Dalam konteks hukum Islam, khususnya dari sudut pandang masyarakat yang mayoritas mengikuti mazhab Syafi’i seperti di Mojokerto, ada beberapa hal yang perlu dipertimbangkan. Pertama-tama, kita perlu memahami perbedaan antara jual beli tunai dan jual beli kredit. Jual beli tunai terjadi ketika pembayaran dan serah terima barang dilakukan secara langsung, sementara jual beli kredit melibatkan penundaan pembayaran. Dalam mazhab Syafi’i, keduanya diakui sah selama harga dan syarat-syarat lainnya jelas dan sesuai.
Dalam kasus kredit motor, perhitungan harga yang jelas mutlak diperlukan. Misalnya, jika sepeda motor diangsur selama 2 tahun dengan cicilan bulanan Rp1 juta, maka harga jualnya harus diketahui secara pasti, yaitu Rp24 juta. Selain itu, jika terdapat uang muka sebelum angsuran dimulai, misalnya Rp3 juta, maka total harga menjadi Rp27 juta. Skema seperti ini juga diperbolehkan asalkan tidak melanggar prinsip-prinsip syariah.
Dalam hal terjadi keterlambatan pembayaran atau default, lembaga keuangan syariah dapat memberlakukan denda sebagai sanksi, namun denda ini tidak boleh dijadikan sebagai sumber pendapatan melainkan untuk kepentingan sosial. Penyitaan barang juga dibolehkan dalam kondisi tertentu, namun harus dilakukan dengan adil dan sesuai prosedur syariah. Pembeli juga berhak mendapatkan ganti rugi jika barang disita sebelum lunas sesuai dengan persentase kepemilikan yang sudah diakumulasi.

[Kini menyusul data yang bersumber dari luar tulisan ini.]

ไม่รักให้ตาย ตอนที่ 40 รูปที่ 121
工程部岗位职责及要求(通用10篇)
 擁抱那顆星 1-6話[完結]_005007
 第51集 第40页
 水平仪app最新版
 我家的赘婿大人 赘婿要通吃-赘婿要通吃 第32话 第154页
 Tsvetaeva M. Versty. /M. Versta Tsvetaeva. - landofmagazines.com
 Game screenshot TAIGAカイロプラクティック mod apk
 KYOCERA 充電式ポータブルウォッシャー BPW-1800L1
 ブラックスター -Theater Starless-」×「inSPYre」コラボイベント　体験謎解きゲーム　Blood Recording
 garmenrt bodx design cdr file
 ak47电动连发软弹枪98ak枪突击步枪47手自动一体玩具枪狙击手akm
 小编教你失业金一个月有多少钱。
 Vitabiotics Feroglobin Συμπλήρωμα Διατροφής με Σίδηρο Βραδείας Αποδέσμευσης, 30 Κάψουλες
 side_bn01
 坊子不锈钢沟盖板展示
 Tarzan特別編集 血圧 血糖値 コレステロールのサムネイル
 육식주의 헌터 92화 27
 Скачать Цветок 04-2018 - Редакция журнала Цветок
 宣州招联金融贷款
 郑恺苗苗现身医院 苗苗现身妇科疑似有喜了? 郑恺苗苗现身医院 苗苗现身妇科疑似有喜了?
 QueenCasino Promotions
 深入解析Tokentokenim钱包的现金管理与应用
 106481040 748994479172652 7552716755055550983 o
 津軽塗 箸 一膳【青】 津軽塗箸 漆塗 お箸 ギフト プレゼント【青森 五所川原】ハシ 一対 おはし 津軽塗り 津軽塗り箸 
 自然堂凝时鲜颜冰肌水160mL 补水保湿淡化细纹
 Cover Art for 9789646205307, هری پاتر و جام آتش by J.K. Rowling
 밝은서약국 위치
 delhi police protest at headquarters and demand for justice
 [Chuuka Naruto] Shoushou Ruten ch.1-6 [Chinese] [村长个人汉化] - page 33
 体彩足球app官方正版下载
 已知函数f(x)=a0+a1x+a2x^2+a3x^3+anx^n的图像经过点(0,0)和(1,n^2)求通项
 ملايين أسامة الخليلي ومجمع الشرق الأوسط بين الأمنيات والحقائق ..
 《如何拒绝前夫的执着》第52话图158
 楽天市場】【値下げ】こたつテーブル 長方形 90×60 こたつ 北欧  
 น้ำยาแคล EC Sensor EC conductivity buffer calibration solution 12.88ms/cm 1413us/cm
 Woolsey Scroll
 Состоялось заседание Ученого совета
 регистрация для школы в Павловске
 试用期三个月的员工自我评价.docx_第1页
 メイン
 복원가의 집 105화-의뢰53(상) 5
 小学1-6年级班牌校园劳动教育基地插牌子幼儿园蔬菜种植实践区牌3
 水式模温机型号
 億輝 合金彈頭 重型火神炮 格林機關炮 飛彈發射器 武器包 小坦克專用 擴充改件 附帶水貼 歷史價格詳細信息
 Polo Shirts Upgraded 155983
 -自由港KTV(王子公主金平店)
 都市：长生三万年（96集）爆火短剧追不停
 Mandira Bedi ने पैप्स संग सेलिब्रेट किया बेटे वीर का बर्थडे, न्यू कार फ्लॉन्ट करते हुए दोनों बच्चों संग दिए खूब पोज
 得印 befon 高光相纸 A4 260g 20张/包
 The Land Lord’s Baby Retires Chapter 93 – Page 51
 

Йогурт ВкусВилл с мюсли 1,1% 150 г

Dengan demikian, hukum kredit motor melalui leasing dalam perspektif Islam dapat diterima selama tidak melanggar prinsip-prinsip syariah seperti larangan riba, judi, atau kecurangan. Perbedaan harga antara tunai dan kredit bukanlah masalah selama transaksi dilakukan dengan jelas dan tidak merugikan pihak-pihak yang terlibat. Semua ini bertujuan untuk menciptakan transaksi ekonomi yang adil dan berkeadilan sesuai dengan ajaran Islam.
Semoga penjelasan ini dapat memberikan gambaran yang lebih jelas mengenai hukum kredit motor pada leasing dalam konteks syariah Islam. Wassalamualaikum wr wb.